◆ PROVIDED MATERIAL
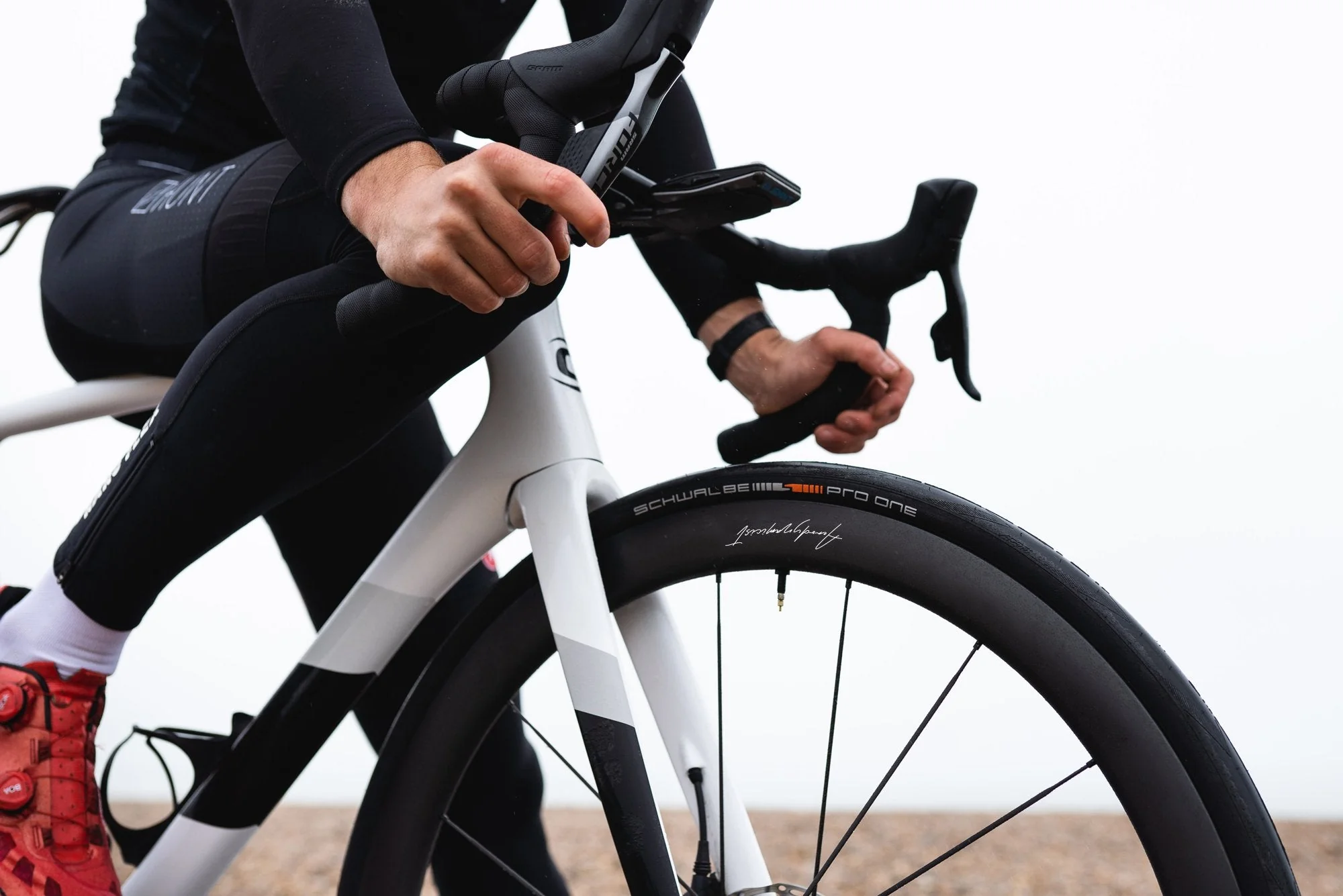 RE:NEW HUNT 44 UD Carbon Spoke Disc Wheelset - Image 12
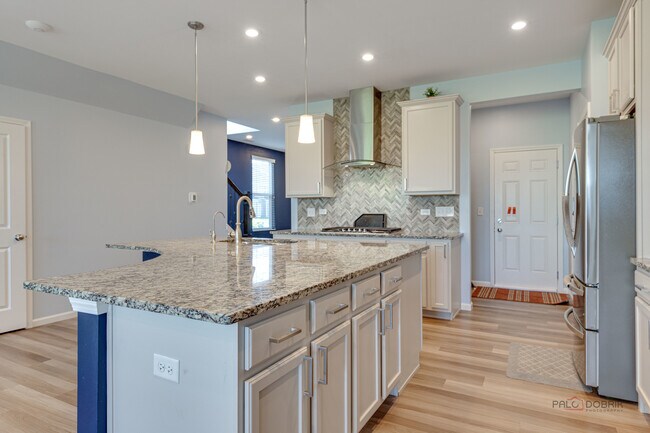 Building Photo - 573 Watercress Dr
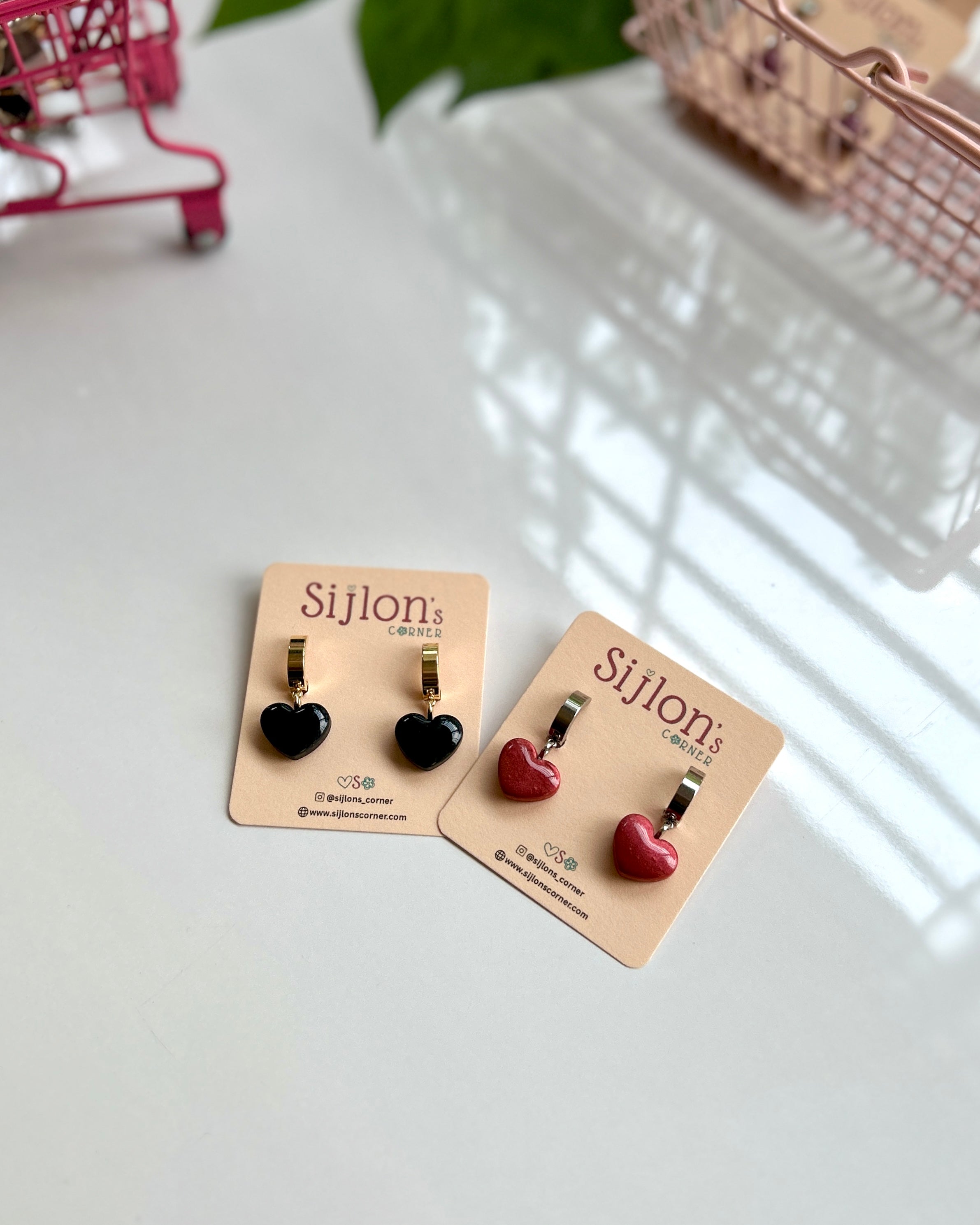 Retro Heart Earrings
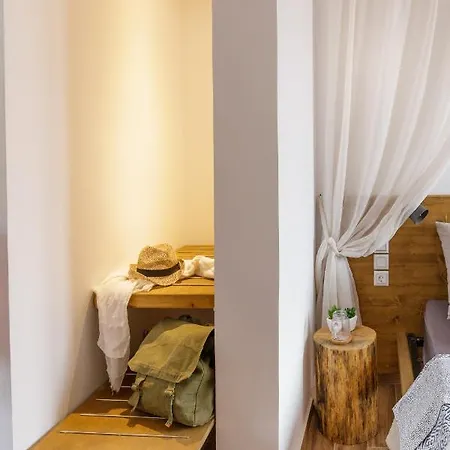 House Ekton Aparthotel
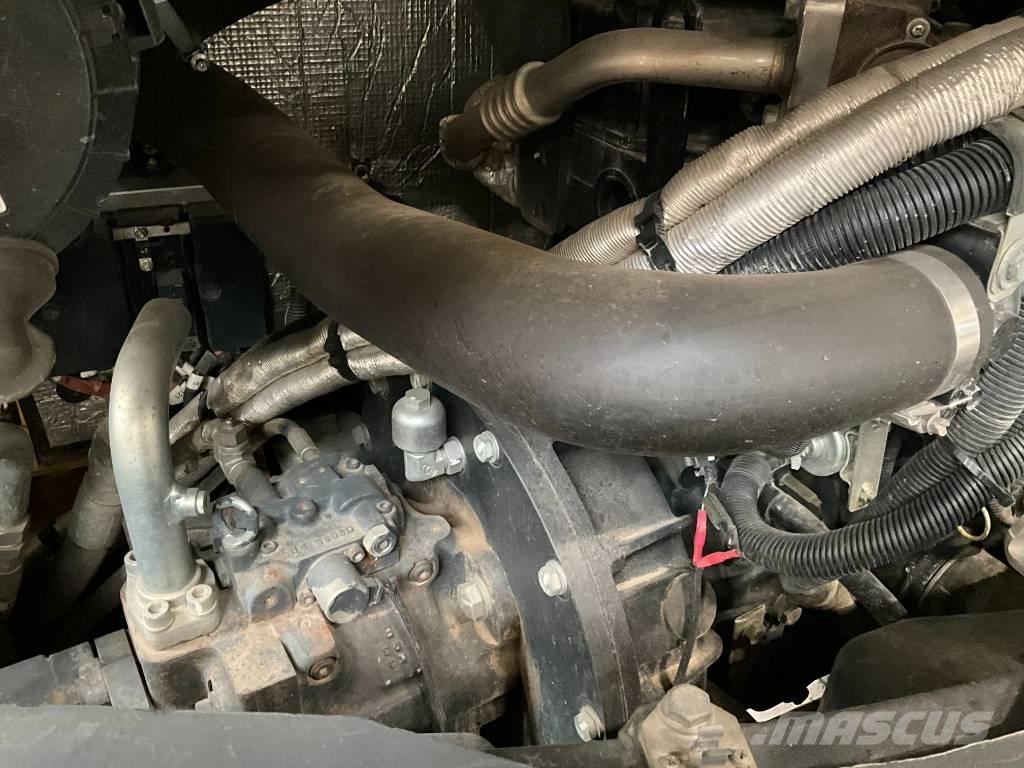 Komatsu PC 80 MR-3 Середні екскаватори 7т. - 12т.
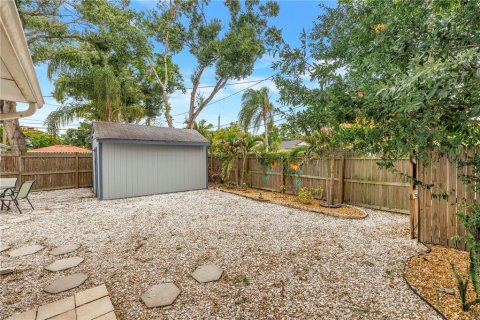 Casa en venta en Gulfport, Florida, 3 dormitorios, 97.83 m2 № 2151509 - foto 24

◆ EXERCISE BRIEF
All of the data above is to be repeated exactly, with the pictures left out.

◆ EXERCISE ANSWER
 RE:NEW HUNT 44 UD Carbon Spoke Disc Wheelset - Image 12
 Building Photo - 573 Watercress Dr
 Retro Heart Earrings
 House Ekton Aparthotel
 Komatsu PC 80 MR-3 Середні екскаватори 7т. - 12т.
 Casa en venta en Gulfport, Florida, 3 dormitorios, 97.83 m2 № 2151509 - foto 24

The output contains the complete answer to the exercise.